"No, I'm not. Never will I give a cent in charity to any begging woman. It is the men who have a hard time in this city. They can have any help that I am able to give them. But to the women I say merely: Learn how to do housework. Take a lesson or two in cooking. Study the home, and you can get good, comfortable positions as long as you want them! Any woman, begging in the New York streets, while thousands of unfortunate people clamor to give them good wages, should be arrested as a useless encumbrance. Those are my sentiments."

"I dare say you are right, Archie," said Letitia, evidently impressed by my fiery eloquence, which bubbled forth, almost unpunctuated. "It seems to me that most of these women would sooner roam the streets in rags, and herd together in tenement houses like cattle, than do the work for which they should be fitted. It is wonderful."

"Not wonderful," I said, "but deplorable. It is the spirit of independence gone wrong—turned against itself—pushed in a painful direction, like an ingrowing toe-nail. A system of education that educates in the letter and not in the spirit, is responsible. The mistaken idea of universal equality is the root of the evil. Shakespeare was no better than the man who blacked his boots; Goethe no bit superior to the women who cooked his hash. Delicate truths like this are instilled into the minds of the people. Silly socialistic men and women who have no use for either the comforts or refinements of life, are the criminals. Idle people who want to turn epigrams find this a fertile theme. Why, Letitia, do you remember when we went to see Candida the other night, we noticed that even a man like Bernard Shaw was not averse from making one of his characters inveigh against the crime of keeping servants? It was Morell, I think, who was indignant that the young poet's father kept so many servants. 'Anyhow, when there's anything coarse-grained to be done,' he said, 'you ring the bell, and throw it on to somebody else. That's one of the great facts in your existence.' A man like Shaw, who lives in refinement, with a delightful home, neat-handed servants, a charming wife, and all the rest of it, can not resist the opportunity to hammer at a scheme that he must know is absolutely necessary."

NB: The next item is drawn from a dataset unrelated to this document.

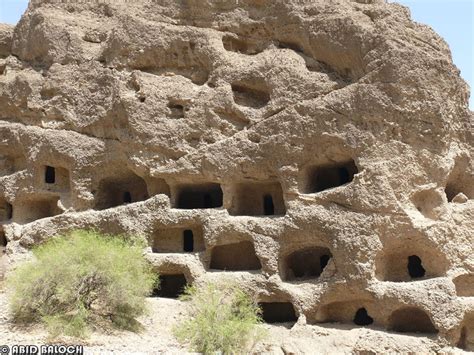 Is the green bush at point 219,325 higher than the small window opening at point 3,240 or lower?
lower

"You will talk yourself hoarse, dear," said Letitia. "Of course, Archie, it is a showy theme. People who use it can always be sure of making a hit with the gallery. Teaching equality is delightful entertainment for those who could never possibly be equal—who are literally born unequal. Why, Archie, some people, through no fault of their own, are born idiots. How could they possibly be equal to those who were not so born?"

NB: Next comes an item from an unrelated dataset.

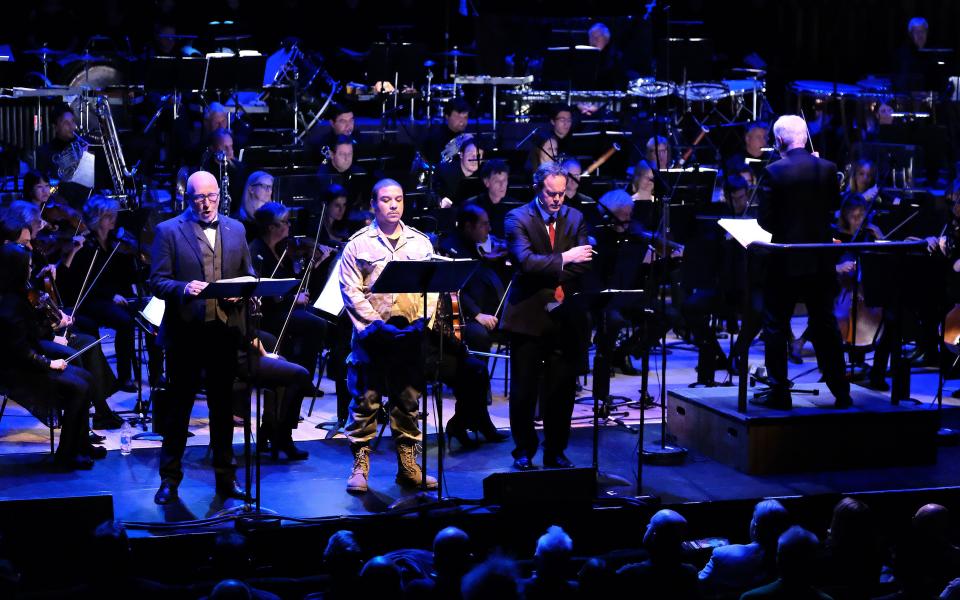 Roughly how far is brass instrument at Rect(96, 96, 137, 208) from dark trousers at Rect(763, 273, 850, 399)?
241 inches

"In the meantime," I continued, "those who are born idiots avenge themselves on society by going out as cooks. It is their little scheme for getting even with the world. This has given cooks a bad name. Nobody cares to be in the same class as the idiot."

"I'm only sorry," murmured poor Letitia, "that I learned Latin instead of cooking."

"But my girl," I said soothingly, "I did not intend to marry a cook, and I would not have you changed in one single particular."

She kissed me. "Just the same," she went on, "I'm sorry. It is an art. There are the arts of Cooking, and Higher Cooking, and Scientific Cooking, that are gastronomies worthy of study. I realize that, now it is too late. Willingly would I substitute Brillat-Savarin for Ovid, if I only could! It is unfortunate."

"My dear," I said, and I drew her to my knee to break the news as easily as possible, "we have come to the end of our tether. As the children say when they have finished playing, we must 'bosh up.' We must make the best of a bad job, and, living in New York, do as New Yorkers do. In fact, our housekeeping must end."

"Oh, Archie!" she cried, her eyes filling with tears; "do you—do you really mean it?"